人間が社会にでて最も悩むのが人間関係である。少年野球で体の用意をし、学習塾で頭の用意をし、ピアノ教室で楽しめない音楽をやったところで、社会に出ては間違いなく人間関係で挫折する。人間関係を上手くやれない人間は、その人のあらゆる生活自体を苦しいものにしている。そういう人には共通する、「忘れ物」のような何かを感じてしまう。「忘れ物」とは何?

将来「役に立つこと」、「功利的に生きること」だけを心掛けて来た人に共通する、「忘れ物」とは、時々の今を生きてこなかったこと。今を犠牲にして勉強することを予備校の講師は言う。流行語にもなった、「今でしょ!」は、今勉強しなかったら将来取り返しがつかないということらしい。「今、好きなことやれなかったら、永遠にできないんだぞ!」。そういう意味ではないらしい。

予備校の講師なら商売用語である。功利主義に興味はない。要領のよい人間に感動はおきない。映画を観たり、余暇を楽しむ時間があれば、「利」となる何かをすべきという考えだ。今を犠牲にして勉強した人間は本当に得なのか、今すべきは勉強なのか。疑問は消えない。将来に、「役に立つ」ことばかりを求めてきた人間が、他人に「やさしさ」を求める。

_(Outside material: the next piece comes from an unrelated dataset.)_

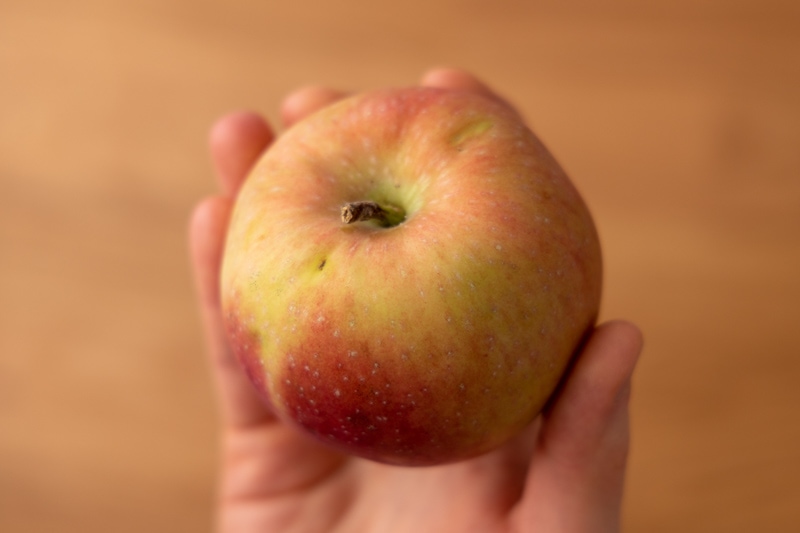 Apple in hand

イメージ 6と上記の例を出したように、人間は得たものと同時に失うものもある。青春のまっただなかで、「要領よく、能率的に人生を送ろう、送りたいなど、考えることじゃない」。要領のいい人は概ね嫌われるケースが多い。理由は思いやりが欠けているからだろう。自分だけが要領よく生きて行こうとしているなら、その周囲に心の暖かい人が集まるはずがない。自分勝手な振る舞い、自己中な人間が他の人との間に暖かい触れ合いが成立するだろうか?確かに、世の中にはずいぶんと自由気ままに、言いたいことをいい、言いにくいことも、こともなげにさらりと、あるいはヅケヅケというが、決して嫌われない人はいる。おそらくそういう人は、何かの時に相手に一肌脱いだり、困ったときは率先して力になろうとする人。

そういういった相手に媚びない自信、逞しさがヅケヅケと物を言わせるのだ。受験制度にあって、そういう制度であるなら優等生という人は評価を得る。それは制度の中の評価であって、彼の人間性が素晴らしいという評価ではない。功利的に要領よく勉強すれば、それなりの成績は得ることはできるが、要領のいい人間の最大の欠陥は、スケールが小さい人間が多い。

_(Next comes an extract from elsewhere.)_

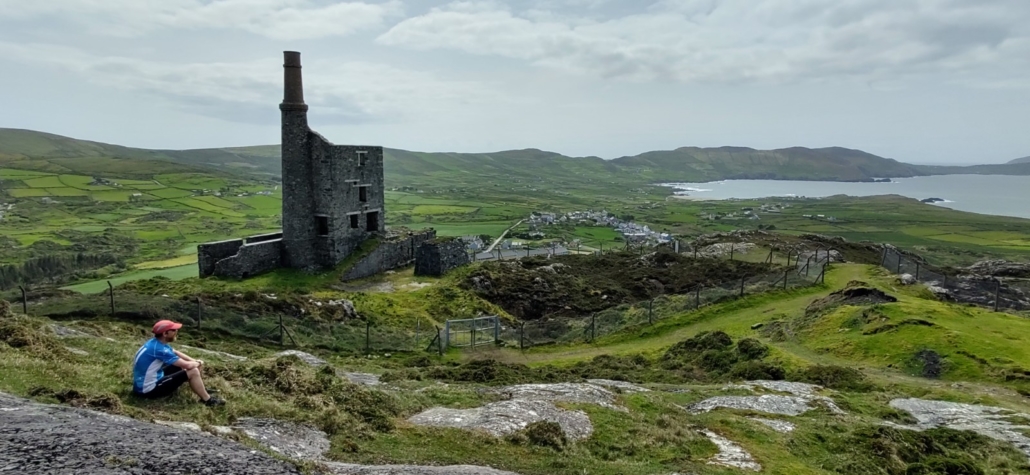 runner sitting my ruined copper mine engine house with views down to coast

ノーベル賞で知られているアルフレッド・ノーベルの少年時代の逸話がある。彼は学校の成績は常に二番であった。彼より優秀な子がいて、ノーベルはどうして彼を越せなかった。あるとき、この子が病気で長期欠席をすることになる。「チャンス!これで自分が一番になれる!」と言うのはスケールの小さいそこらの凡人である。学校を休んでも彼は成績は落ちず、トップであった。

なぜか?理由は、ノーベルが毎日の学校の授業を手紙で教えていたからだ。自分だけに役立つことをする。要領よく生きる。世渡りをうまくやればいい、そんな人間にとっては、屁でもない逸話だろう。突然、降って湧いた膨大な資産を世のために、という遺言で始まったノーベル賞は、この逸話からみても自然なことである。1億円もっていても1000円をケチる人間がいる。

1000円しかないのに500円を分けようとする人もいる。そういう人間感は、学問で身につけるものでも、つくものでもない。「一番が病気で入院か。ザマ~見やがれ」という人間は、その事で仮に成績が一番になったとしても、心は醜いのである。「異性についての不思議」という表題であるが、同性のことも記した。なぜなら、女性から見た男は異性である。